Website Performance: UI Rendering Optimization
We use our own product Sprintly a ton and love it, but over time we noticed our interface slowing down as it tried to render large lists that would contain hundreds or even thousands of items. As Donald Knuth once said, “Premature optimization is the root of all evil.” so we knew we needed to focus on building a great product over performance early on, but now that our product has grown and customer base is maturing, it’s time to take on making Sprintly fast.
Over the last few weeks we built blazingly fast and performant item columns…even when rendering thousands of items! Check it out:
The update was tweeted about from the main Sprintly account. Immediately we were asked to explain how we accomplished this, so I’ll go through and discuss the main approaches to building performant interfaces and explain why we decided to tackle it the way we did.
Finding the Cause of Slow UI Performance
Debugging web interfaces is a challenge, but the tools have come a long ways. Our favorite way to debug is with the Chrome developer tools. Check the “Profiles” and “Timelines” tabs. You can view memory usage, debug slow JavaScript calls or even debug browser repaint and framerate issues.
It’s amazing what kinds of things Chrome dev tools can expose, but in our case it was blatantly obvious we needed to tackle how the item columns render. In the video you’ll see the old lists could take almost a minute to load thousands of items. In the new version, instead of rendering all the items at once, we developed a way to lazy load items as they came into view.
Slow Rendering of Backbone.JS Views
We use Backbone.JS for our application. The most common issue I see when using Backbone is that it’s encouraged to have views render themselves. That’s usually fine, but when you start to have large collections of view to render and you loop through them to render views individually, you are actually forcing the browser to repaint and render with each item injected into the page. Like I said, it’s not a problem if you are only rendering a few view, but it adds up quickly to become a performance bottleneck.
Example of the wrong way to render collections:
This would insert the view into the DOM 1000 times. Bad thing to do. And in our case this ItemView has many other subviews, so the issue was compounded by each subview added.
There’s a few main approaches you can take to tackle fixing rendering issues.

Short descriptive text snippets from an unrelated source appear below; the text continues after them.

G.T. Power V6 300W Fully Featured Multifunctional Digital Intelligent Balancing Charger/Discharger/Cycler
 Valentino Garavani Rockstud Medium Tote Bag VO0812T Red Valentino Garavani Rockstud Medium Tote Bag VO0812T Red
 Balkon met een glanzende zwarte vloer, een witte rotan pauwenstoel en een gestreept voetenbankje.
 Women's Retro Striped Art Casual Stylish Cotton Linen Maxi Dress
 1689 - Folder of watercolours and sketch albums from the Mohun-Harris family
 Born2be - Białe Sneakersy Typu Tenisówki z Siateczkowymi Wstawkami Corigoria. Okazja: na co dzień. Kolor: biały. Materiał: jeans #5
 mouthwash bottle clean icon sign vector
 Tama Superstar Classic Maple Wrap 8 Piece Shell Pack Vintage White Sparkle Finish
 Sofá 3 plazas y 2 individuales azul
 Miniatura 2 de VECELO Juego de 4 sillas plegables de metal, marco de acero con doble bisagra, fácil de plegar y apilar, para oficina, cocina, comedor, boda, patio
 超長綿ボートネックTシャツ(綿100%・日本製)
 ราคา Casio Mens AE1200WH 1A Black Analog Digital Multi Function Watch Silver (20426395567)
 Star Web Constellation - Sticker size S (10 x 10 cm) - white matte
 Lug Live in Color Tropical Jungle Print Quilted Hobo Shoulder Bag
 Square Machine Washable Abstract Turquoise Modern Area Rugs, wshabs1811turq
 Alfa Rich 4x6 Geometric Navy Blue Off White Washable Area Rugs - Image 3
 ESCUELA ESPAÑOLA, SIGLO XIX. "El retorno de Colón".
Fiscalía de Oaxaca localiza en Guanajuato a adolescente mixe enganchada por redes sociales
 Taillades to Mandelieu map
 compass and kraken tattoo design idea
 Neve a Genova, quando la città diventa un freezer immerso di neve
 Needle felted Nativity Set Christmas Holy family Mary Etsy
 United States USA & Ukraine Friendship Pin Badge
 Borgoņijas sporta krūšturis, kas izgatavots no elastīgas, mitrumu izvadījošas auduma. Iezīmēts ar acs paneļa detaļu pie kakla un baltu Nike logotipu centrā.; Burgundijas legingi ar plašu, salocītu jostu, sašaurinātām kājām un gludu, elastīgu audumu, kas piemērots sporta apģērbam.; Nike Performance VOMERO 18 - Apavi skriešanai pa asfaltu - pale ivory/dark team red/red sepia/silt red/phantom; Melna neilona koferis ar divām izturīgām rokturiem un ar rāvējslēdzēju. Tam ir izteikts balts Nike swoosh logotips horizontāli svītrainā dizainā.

- Pre-render the HTML (server-side)
- Batch render the views
- Lazy-load the views
I’ll walk through each of these approaches at a high level and give reasons why we settled on #3 for large lists of items.
Approach #1: Pre-rendering HTML
Performance Benefit:
One of the biggest benefits to pre-rending all of your HTML is with public websites that need to be indexed by search engines (note: you can make your AJAX application crawlable, but it isn’t automatic).
The other main advantage is that the client doesn’t have the initial overhead of processing merging of JSON and HTML templates.
Implementation:
Render your entire page on the server and then bind views to the existing HTML fragments later. This is the basic principle behind Twitter’s new Flight framework. Just find the elements and then bind the views to them after the page loads to attach behavior.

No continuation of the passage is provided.